The Mill has been able to dive deeper. Recent features include an investigation on homelessness in the city and what it’s like to be a private investigator in the north. “I like readers to get to know the scene and the people, more of an American magazine style of writing,” says Herrmann. “And there’s basically none of that here. Local journalism has completely collapsed over the past couple of decades. So I thought, could I try and do the two together?”

You don’t get really good coverage of basically anywhere outside of London

Today we’re talking (yelling) in a busy bar in Covent Garden, which is about as far from his day-to-day life at The Mill as possible. Originally from Sussex, Herrmann started his career at the Evening Standard, before joining the Tab and overseeing the university news network’s expansion into the US. He moved to Manchester in 2020. As a self-described southerner with a posh accent, he was worried that editors and writers Up North would judge him—and if that might hinder his chances when setting up The Mill. He needn’t have worried, he tells me: everyone was very welcoming.

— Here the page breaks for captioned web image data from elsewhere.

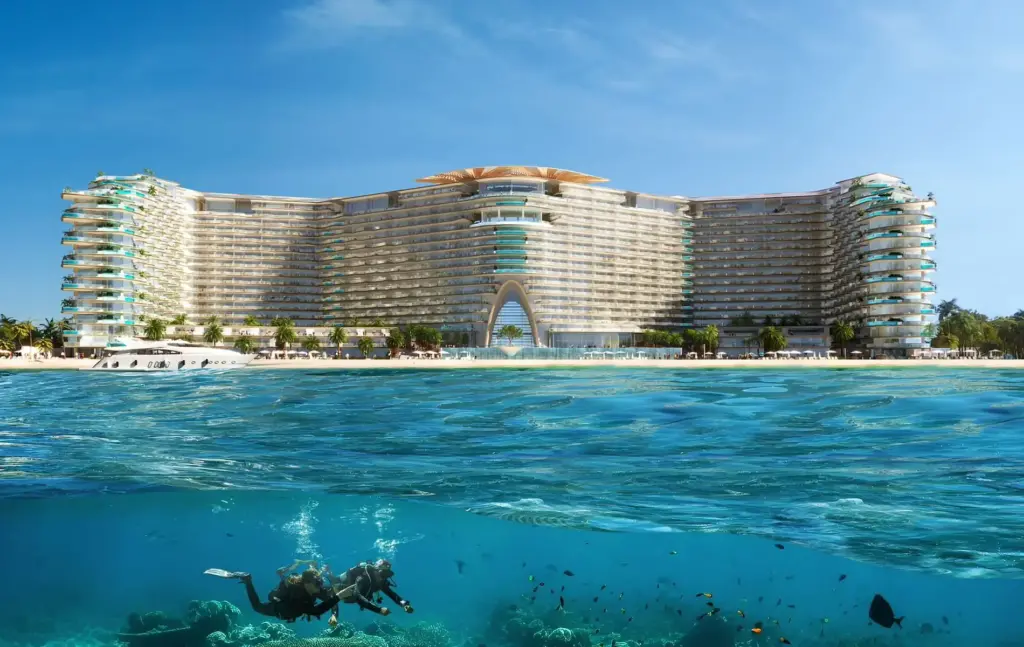 Sora Beach Residences at Al Marjan Island By Aark Developers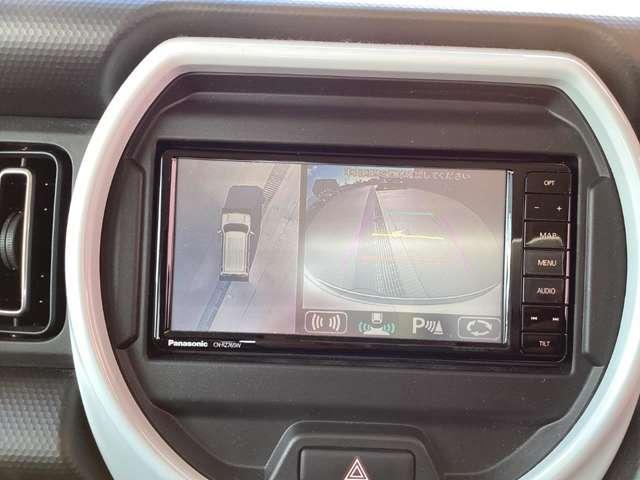 フレアクロスオーバー ６６０　ハイブリッド　ＸＳ　マツダ認定中古車　衝突被害軽減ブレーキ（7枚目）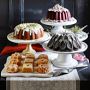 Nordic Ware Nonstick Cast Aluminum Anniversary Bundt&#174; Pan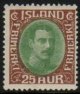 (image for) 1932 25a Green & Brown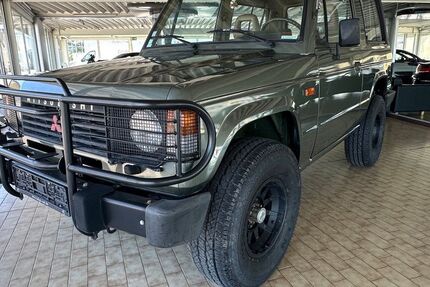 Mitsubishi Pajero 246.000 km 16.900 &euro; Neckarwestheim 74382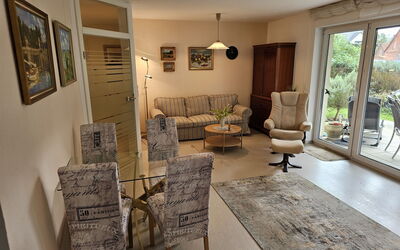 Fewo Lüneburger Heide - Krümel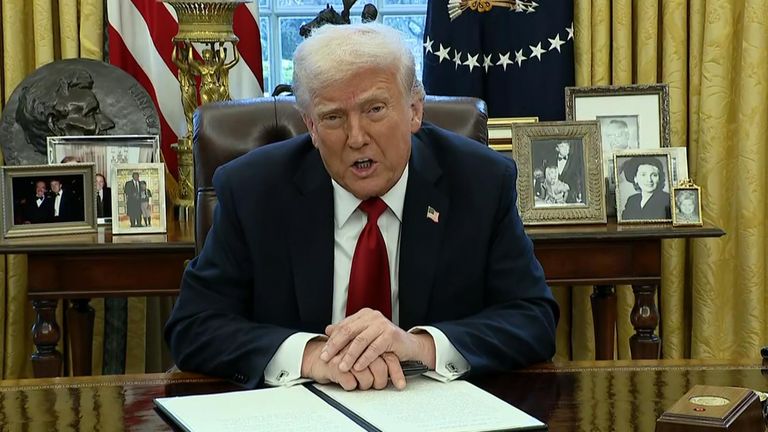 Trump’s 25 Percent Tariffs on Imported Cars and Parts could impact Classic Cars, too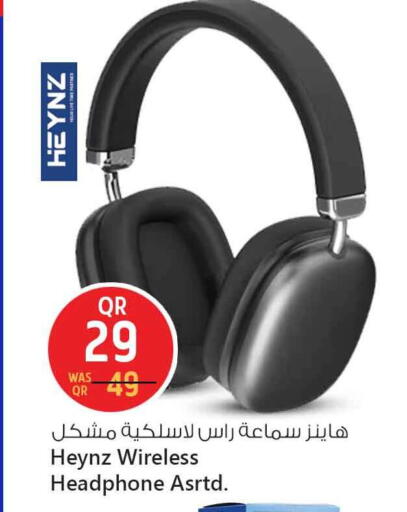 Earphone available at Safari Hypermarket in Qatar - Umm Salal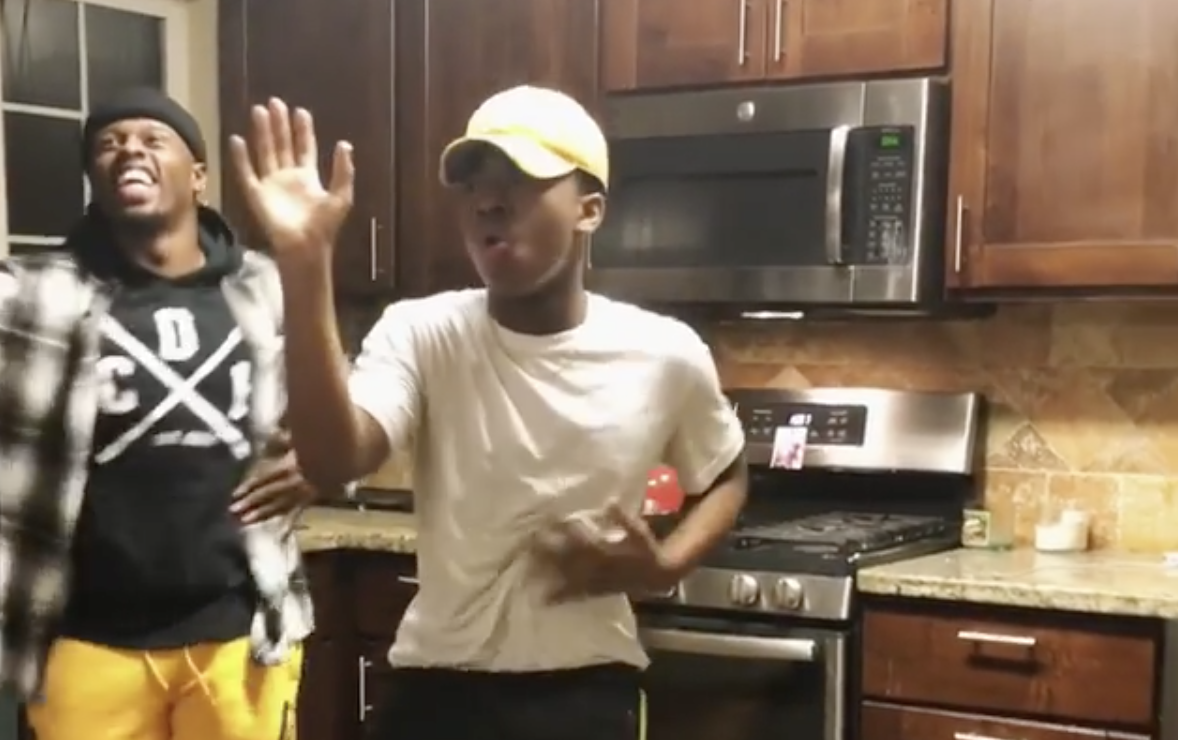 Have You Seen This? ‘Wii Challenge’ proves you can dance to anything if you’re talented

The rest of the publication’s team of five are also all based locally, an antidote to the UK’s tendency towards “helicopter journalism”—the practice of sending a writer from a national paper to an outpost in another city for a day or two to write about it, before running off home. “I think that kind of journalism sucks,” says Herrmann, who transforms from being gregarious to deadly serious. “Particularly in politics, where we have a massive issue. 

“You don’t have to look far to realise that the, say, 1,000 political journalists working today missed the undercurrents that led to Brexit, because they don’t live in the worlds where those undercurrents exist… You don’t get really good consistency and coverage of basically anywhere in this country outside of London.”

He believes there should be a “national sense of alarm” over the collapse of newspapers outside of the capital. “How can these communities sustain themselves, without good-quality local journalism?